Nexus and Pixel proprietors gain their patches on US Tuesday. The remaining of us peasants have to wait.
Google has provoked 47 Android fixes for Nexus and Pixel devices.
Five consideration the media framework amongst the harmful bugs in the Android Security Bulletin, one of them is system-level, four-hit Qualcomm modules. Google declared it to be the worst, which is one of the media framework viruses, not yet entirely revealed, but it “could enable a remote attacker using a specially crafted file to execute arbitrary code within the context of a privileged process”.
Two of the media framework viruses only mark Android 6.0 (31 per cent of active devices), one disturbs only Android 8.0 (0.3 per cent), one moves all versions between 7.0 and 8.0 (20.9 per cent), and the best prevalent is in the entire version after 6.0 (nearly 52 per cent of devices).
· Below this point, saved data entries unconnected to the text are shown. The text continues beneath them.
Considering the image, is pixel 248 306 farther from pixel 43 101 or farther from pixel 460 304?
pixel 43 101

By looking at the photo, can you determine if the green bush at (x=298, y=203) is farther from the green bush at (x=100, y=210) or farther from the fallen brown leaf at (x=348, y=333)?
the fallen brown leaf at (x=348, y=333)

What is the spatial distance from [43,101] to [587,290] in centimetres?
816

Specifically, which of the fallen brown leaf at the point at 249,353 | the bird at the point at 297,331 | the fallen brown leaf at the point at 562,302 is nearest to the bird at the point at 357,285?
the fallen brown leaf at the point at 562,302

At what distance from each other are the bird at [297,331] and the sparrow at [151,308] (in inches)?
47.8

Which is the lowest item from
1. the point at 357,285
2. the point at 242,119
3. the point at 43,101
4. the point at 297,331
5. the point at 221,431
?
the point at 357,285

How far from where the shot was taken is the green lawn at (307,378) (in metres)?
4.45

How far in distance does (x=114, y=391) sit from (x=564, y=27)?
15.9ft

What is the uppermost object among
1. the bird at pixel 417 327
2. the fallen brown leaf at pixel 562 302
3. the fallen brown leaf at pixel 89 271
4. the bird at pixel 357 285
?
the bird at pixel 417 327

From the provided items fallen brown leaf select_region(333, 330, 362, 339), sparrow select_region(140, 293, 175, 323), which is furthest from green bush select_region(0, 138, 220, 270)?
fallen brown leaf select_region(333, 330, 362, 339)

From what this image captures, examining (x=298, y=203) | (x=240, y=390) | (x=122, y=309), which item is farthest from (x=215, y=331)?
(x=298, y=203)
Google has not up till now declared publicly with the sort of such bugs, nor has it revealed the system-level bug that marks Android 7.0 ahead, elsewhere describing that “a proximate attacker” could “execute arbitrary code” (furthermore, susceptible versions could be forced over-the-air, any via WiFi, the cellular modem, or Bluetooth).
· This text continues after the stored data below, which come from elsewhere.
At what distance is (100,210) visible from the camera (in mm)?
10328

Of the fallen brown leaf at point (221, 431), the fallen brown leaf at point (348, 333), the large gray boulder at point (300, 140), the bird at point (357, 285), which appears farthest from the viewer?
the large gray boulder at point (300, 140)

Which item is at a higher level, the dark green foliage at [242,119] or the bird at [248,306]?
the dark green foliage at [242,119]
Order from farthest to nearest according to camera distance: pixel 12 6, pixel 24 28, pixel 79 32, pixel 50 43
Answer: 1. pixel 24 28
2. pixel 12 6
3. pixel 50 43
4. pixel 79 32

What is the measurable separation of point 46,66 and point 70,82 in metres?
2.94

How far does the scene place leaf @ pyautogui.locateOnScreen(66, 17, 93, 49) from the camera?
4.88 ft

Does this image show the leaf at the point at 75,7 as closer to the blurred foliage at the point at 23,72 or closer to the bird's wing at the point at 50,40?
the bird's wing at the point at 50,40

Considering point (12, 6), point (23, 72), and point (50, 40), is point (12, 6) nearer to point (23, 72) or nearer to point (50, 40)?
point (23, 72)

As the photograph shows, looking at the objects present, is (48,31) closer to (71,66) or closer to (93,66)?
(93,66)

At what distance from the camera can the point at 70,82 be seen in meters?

Among 3 out of the 4 bugs congenital from Qualcomm are have previously been exposed to the public. In CVE-2017-11043, there’s an integer excess in the numap procedure (part of the WiFi code); in CVE-2016-3706 and CVE-2016-4429, there’s an extra load in a UDP RPC module. Entire three could be distantly consumable.
A Qualcomm closed-source module is susceptible to the so far-to-be-revealed CVE-2017-6211.
The thirty seven of the bugs are regarded “High”, five of which are similarly Qualcomm-specific, and one upstream fix in the Linux kernel to go easy of an opportunity increasing bug.
More vendors in the mischievous corner contain MediaTek and Nvidia, with 3 susceptibilities each.
Pixel and Nexus firmware images are due December 5, source code fixes will land within forty-eight hours, US time, and the remaining of the world can, as normal, wait for fixes to proceed their tired way down via carriers and vendors to land as an over-the-air inform. Ultimately.